Literature discovered in a rubbish heap reminded me of Oxyrhynchus in Egypt. Since 1896, vast amounts of papyrus have been excavated from the dumps here. Discoveries included poems by Sappho, several plays by Menander and part of a satyr play by Sophocles. But I can't find any specific reference to this in the Wake.  

A.L.Hunt's photograph of the his Oxyrhynchus dig in 1903

THE ASHPIT BOOKS

From Vivien Igoe's James Joyce's Dublin Houses

Joyce's dour brother, Stanislaus (a model for Shaun in the Wake) has a story of the younger Joyce children finding two books in the ashpit of their house at 8 Royal Terrace, Fairview (right). The children called these the 'ashpit books':

'Somebody found at the end of the garden two books which the children nicknamed 'the ashpit books'. One was a song-book, the first pages of which were missing. It contained a large and miscellaneous collection of classical and traditional songs, popular ballads and many so-called comic songs, the humour of which always remained a mystery to me. The other was a closely and badly printed collated edition of the four gospels in a red cloth cover...' 

My Brother's Keeper, p112

The street is now called Inverness Road. I visited the house in June 2022 - it looks very different from the photo in Vivien Igoe's book. It's been beautifully restored by Stephen D'Arcy, a gardener. There are new Georgian style windows, a fancy front door and a miniature maze in the front garden. 

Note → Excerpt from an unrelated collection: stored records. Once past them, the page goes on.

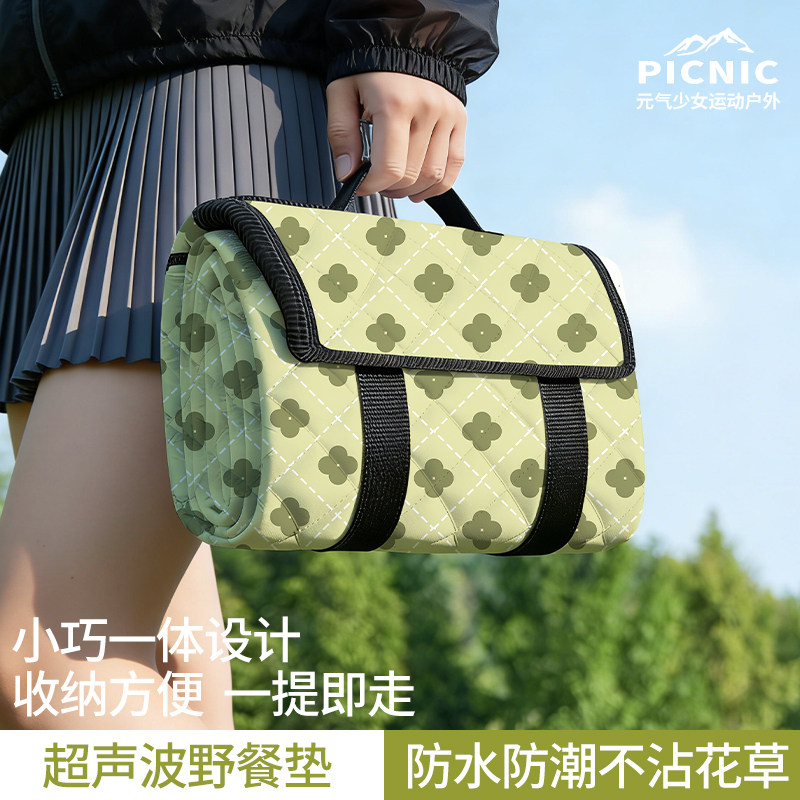 新款春游野餐垫小巧便捷可折叠加大加厚防水防潮垫户外露营帐篷垫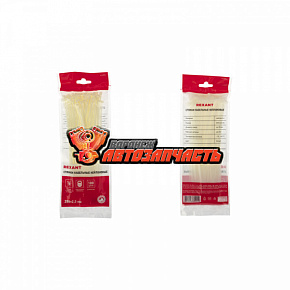 Стяжка нейлоновая 200x2,5мм, белая (100 шт/уп) REXANT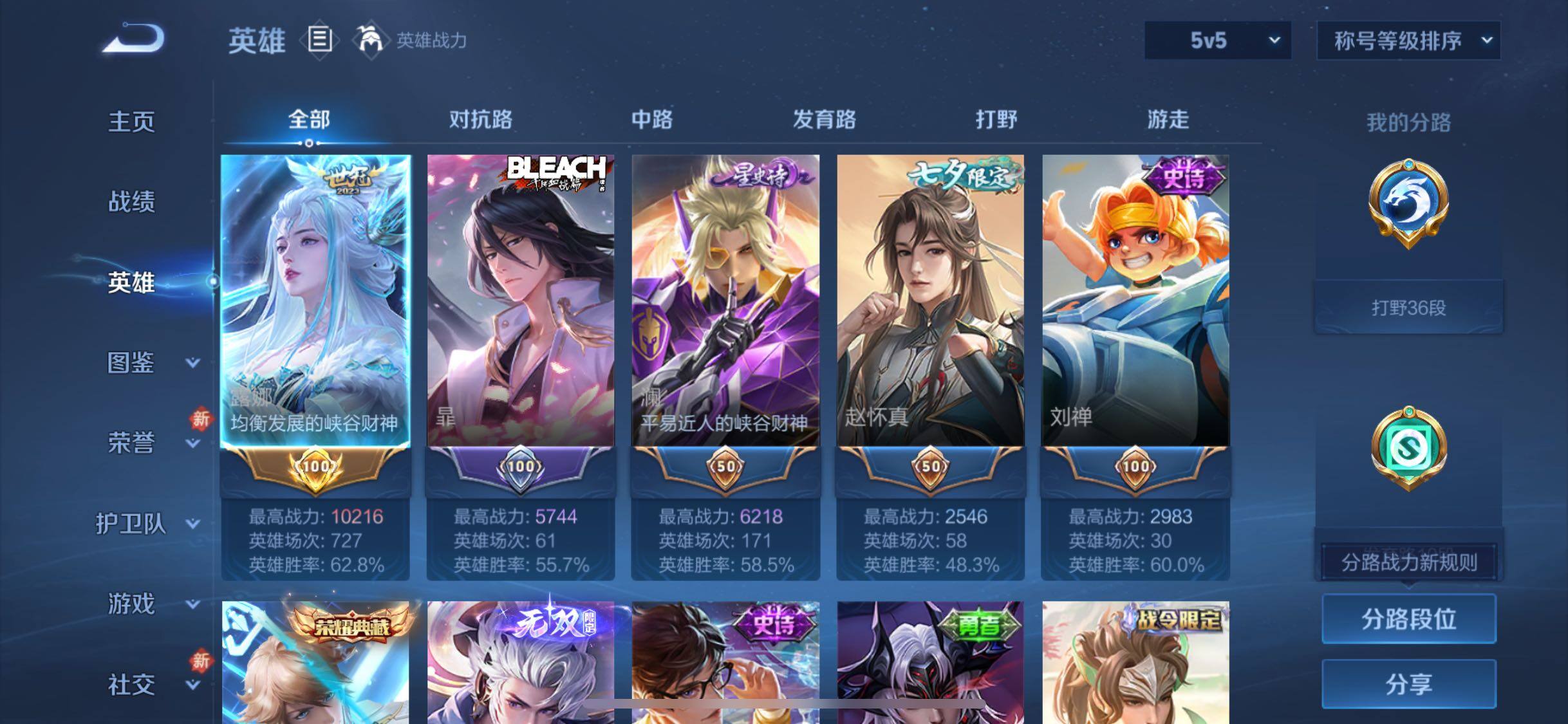 WZCMW4103846王者荣耀账号详情图3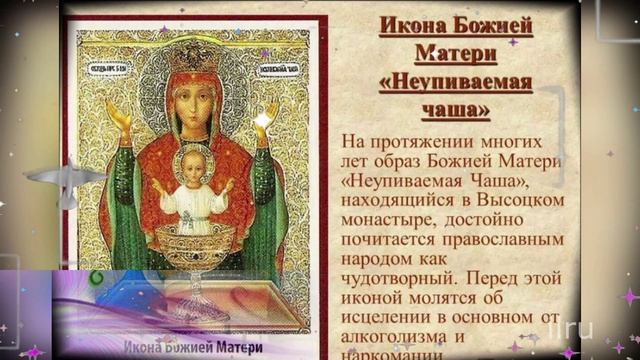 Празднование  День иконы Божьей Матери "Неупиваемая Чаша"
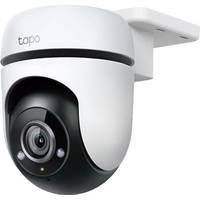 TP-Link Cctv and Security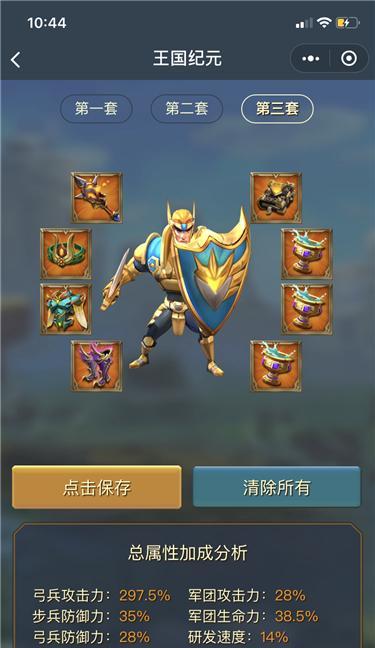 《海岛纪元》新增黑心竞速场，精彩不断！（惊喜来袭，赛道上的狂欢盛宴即将开启）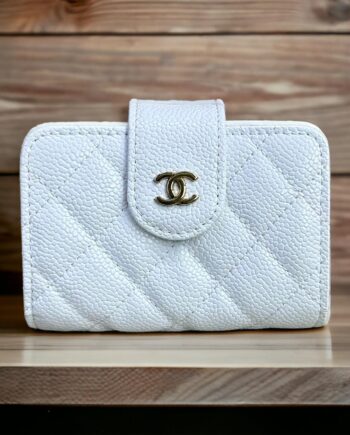 CC White Wallet | LFF2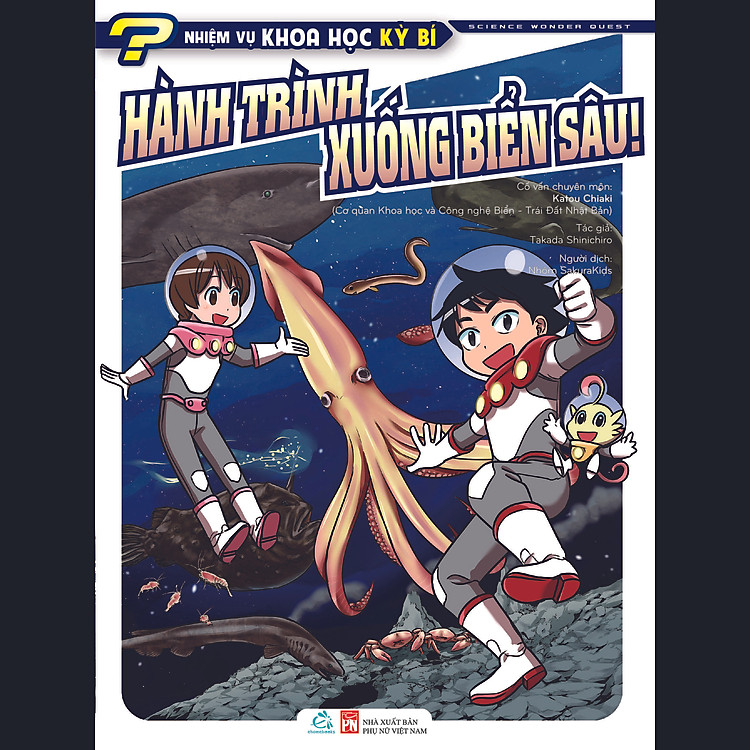 Sách tranh manga Nhiệm vụ khoa học kỳ bí tập 7: Hành trình xuống biển sâu!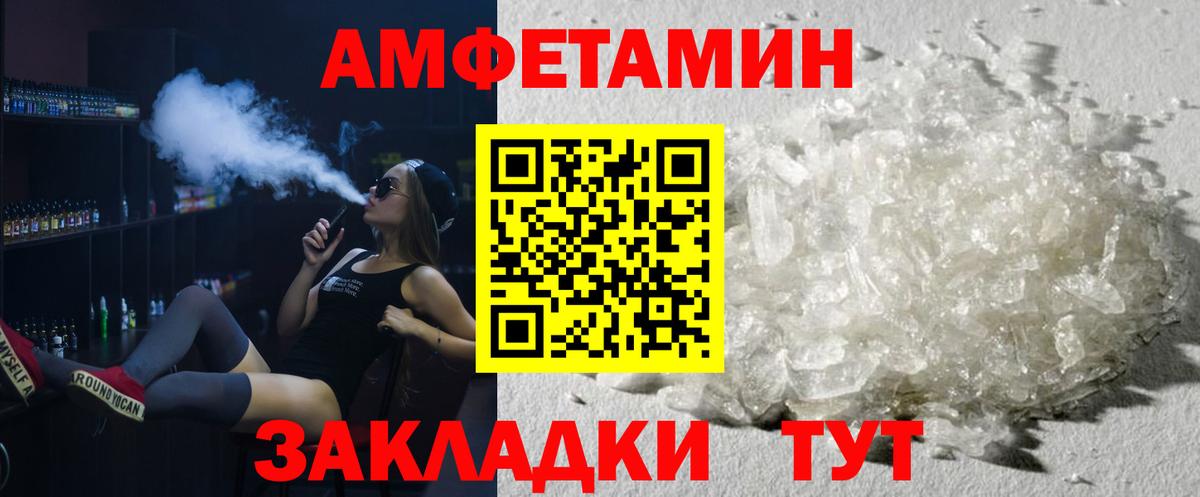 Карпинск  МЕТАМФЕТАМИН пудра  Первитин  Вход с VPN 
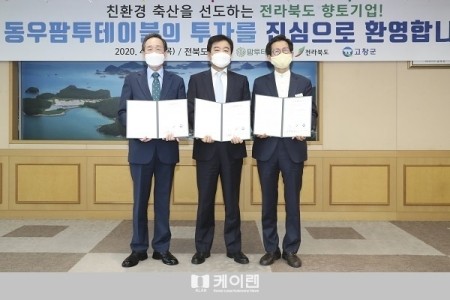 (주)동우팜투테이블 이미지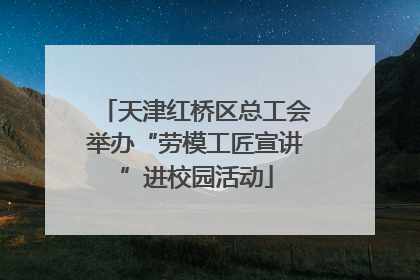 天津红桥区总工会举办“劳模工匠宣讲”进校园活动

And is that Anna Livia on the new door knocker?


These ashpit books must be one inspiration for the Hen chapter.  

In 2013, I learned from PQ's excellent A Building Roam blog that archaeologists have excavated the ash pit in this house, and found magic lantern slides!

When Stephen D'Arcy was replanting the back garden, he found fragments of glass slides, mainly on religious subjects, used in magic lantern shows. He called in archaeologists from the National Museum of Ireland.  Read about what they found here.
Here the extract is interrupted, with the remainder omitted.